Claude Code and Opus 4.6: Agent Teams Are Here
Anthropic shipped Claude Opus 4.6 on 5 February 2026 as part of Claude Code v2.1.32, with three major advances: a 1 million token context window (beta), adaptive thinking, and a 128K token output limit. At the same time, Claude Code gained Agent Teams — a research preview for multi-agent orchestration that is directly relevant to enterprise automation.

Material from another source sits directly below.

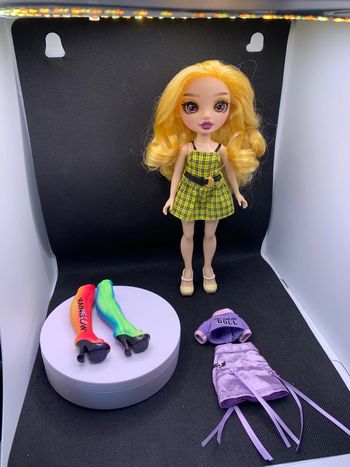 Poupée rainbow high sheryl Meyer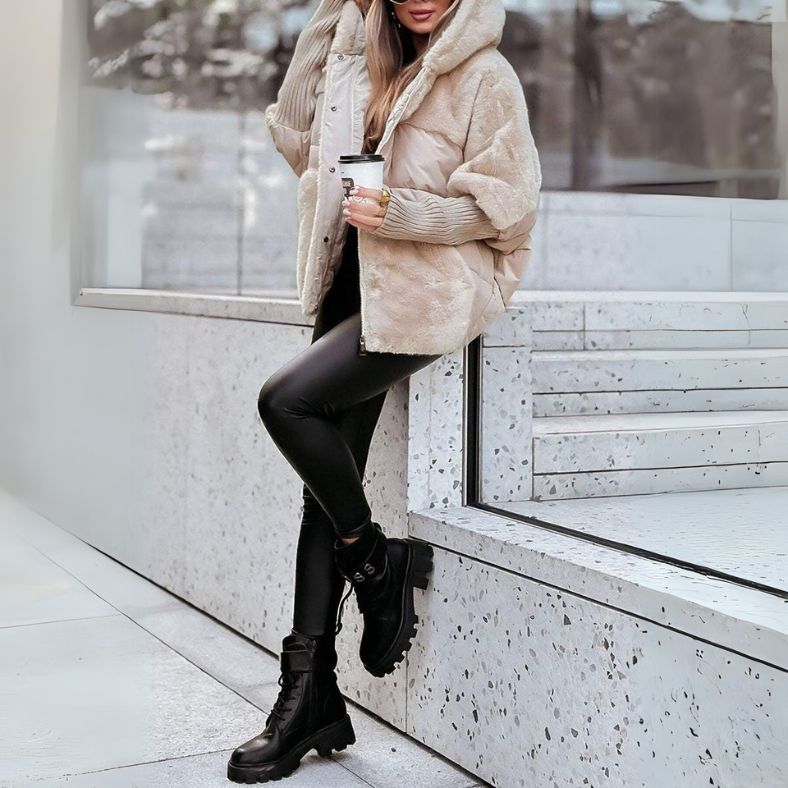 Constance | Damen-Steppjacke mit Kunstfellbesatz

Opus 4.6: context and control
Opus 4.6 is the first Opus-class model with a 1M-token context window in beta, so entire codebases and long document sets can sit in a single context. Adaptive thinking means the model decides how much reasoning effort to apply, with manual override via a /effort parameter — so you can trade speed for depth. The 128K output limit supports much longer generated artefacts (docs, reports, configs) in one go. Benchmarks improved sharply: Terminal-Bench 2.0 at 65.4%, OSWorld at 72.7%.
Agent Teams (research preview)
Agent Teams let multiple Claude instances work in parallel with a "team lead" coordinating work. Features include shared task boards with dependency resolution, direct messaging between agents via SendMessage, and quality gates through TeammateIdle and TaskCompleted hooks for code review and validation. You enable it with CLAUDE_CODE_EXPERIMENTAL_AGENT_TEAMS=1. For enterprises, this is a step toward multi-agent workflows where different agents own different steps (e.g. one for extraction, one for validation, one for reporting).
Desktop: preview, review, merge
By 20 February 2026, Claude Code desktop added app preview (run dev servers and view apps in the interface), automated inline code review, and PR monitoring with auto-fix and auto-merge. Sessions can move between desktop, mobile, and CLI. For teams, that means tighter loops between AI-generated code and human review — a pattern we mirror in our own guardrailed automation.
Why it matters for ConvertToAI
Long context plus adaptive thinking fits document-heavy and multi-step workflows (legal, compliance, due diligence). Agent Teams points the way to orchestrated multi-agent pipelines. We use these capabilities to design solutions where the right model handles the right step — Opus 4.6 for deep analysis and long-context reasoning, with other models for speed or specialism where needed.